Asteroid Ceres enters Sagittarius at 10:05 pm GMT on 27th October. Ceres speaks to us of attachments and where we develop them. Of the identifications we make which either help or hinder our sense of self-worth. She speaks of the gains and losses which pepper our lives and points to the potential loss alive at the heart of every connection we make, be it with another person, a material object, an identity, belief system or lifestyle. For whatever means something to us, no matter the amount of pleasure we receive from it, the shifting nature of life inevitably means loss may be just around the corner, hidden from view but on the advance. Or it may not be, but we cannot tell either way. Such are the uncertainties of life: within every gain lies intrinsic loss and vice versa.

As she enters the sign of Sagittarius, replacing Mars who has moved on to Capricorn, Ceres reminds us that the more we broaden our horizons the greater our ability to maintain resilience in the face of life’s inevitable losses. Whatever the recent eclipse season has brought to our door, be it joy or sorrow, famine or feast, Ceres lifts up our eyes now, to face the future with hope rather than fear, and faith not suspicion. The more we can do this the greater our ability to ride the waves of change and loss, not be overcome by them. Sometimes life changes in the blink of an eye, never to be the same again. A loved one dies, our health suddenly fails, we lose something or someone that meant the very world to us. Or perhaps we simply see ourselves in the harsh light of day and can no longer deny or avoid what we see. These experiences which seem to shift the very ground beneath our feet are plentiful at this time when the cosmos is moving piece by piece to realign Uranus with Pluto for their next show of strength in December.

But Ceres holds our hand now and bids us expand rather than contract in the face of challenge. It may feel counter-intuitive for all of life is programmed for self-protection above all else and we are no different! However, she exhorts us in full knowledge that if we can do this – broaden our horizons, seek a different way, focus on a future that is different to the present if the present feels empty of promise – we are creating the very source of our own healing. She bids us now to heal into our future, not to dread it from the standpoint of present pain.

This continued expansion no matter what necessitates that we repeatedly refuse to identify with anything which cannot expand with us, and therein lies the rub, for much of what we embrace as part of our self and identity is anything but expansive! So often we seek security over and above the freedom of expansion and thereby connect most strongly with those things which remain the same, predictably stable and securely familiar. We define ourselves a certain way which makes us feel better about ourselves and then stick to it even in the face of all evidence that we may have actually changed, if we were even really that way in the first place! We identify with our material goods, our home and lifestyle, the accolades handed down by society for hard work and commitment, only to find eventually that far from liberating they become burdensome, limiting our options as we have more and more ‘stuff’ to accommodate and protect as we go. We invest our all into relationships and friendships, partnerships and alliances, only to discover that our own changes and those of others render these allegiances increasingly problematic as we cling ever harder to what we suspect may in fact be a sinking ship.

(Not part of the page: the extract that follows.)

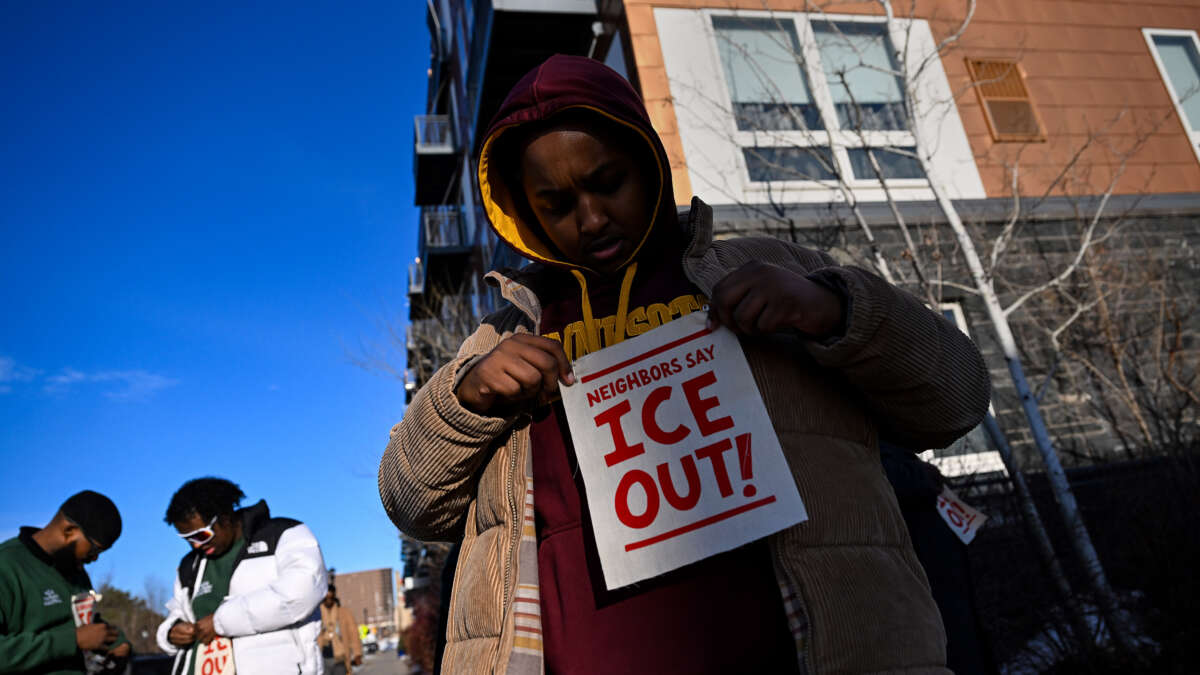 ICE watcher Fahad adjust an applies a piece of fabric to his sweater that reads "Neighbors Say ICE Out!" as he patrols the community around the Riverside Plaza complex in the Cedar-Riverside neighborhood on January 9, 2026, in Minneapolis, Minnesota. The volunteers are patrolling their community, which is predominantly Somali, as they watch for federal agents who are in the city conducting an immigration operation.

It is this clinging which Ceres points to now. It is not, she tells us, that relationships are wrong or that we shouldn’t enjoy the material fruits of our labours. It is simply that doing so with a mindset that expects them to remain the same, never change, never let us down or fall away is a recipe for suffering right there! To reach a plateau – in love, in material possession, in identity and achievement – and then stop sets in motion the wheels of loss, if not immediately then in due course, for everything follows its own nature and begins to diminish just as it once reached its own fullness and potential. But if we can embrace all of these things with eyes wide open to the fleeting nature of life’s pleasures, our embrace can be fuller in the present. We can live them and love them with a heart aflame with appreciation, whilst we continue to expand, beyond and beyond again, allowing our spirit to become ever vaster.

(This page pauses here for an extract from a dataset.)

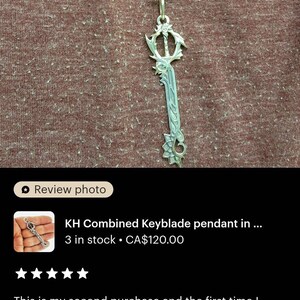 a necklace with a keyblade pendant, which is a combination of a key and a blade. The pendant is made of silver and has a unique design. The necklace is displayed on a brown fabric background.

‘Love like it’s going out of fashion’, Ceres, whispers. ‘Embrace pleasure like you need it to breathe. And know beyond a shadow of doubt that life can change at the flap of a butterfly’s wing’. Heeding her message will help us all taste the sweet nectar of life without hesitation and embrace blessings as they arise, secure in the knowledge that beyond all of these lays the truly peaceful heart, forever open, forever expanding. This heart embraces everything – the loves and the losses, the highs and the lows – whilst claiming none as its own on its journey ever deeper into the Divine.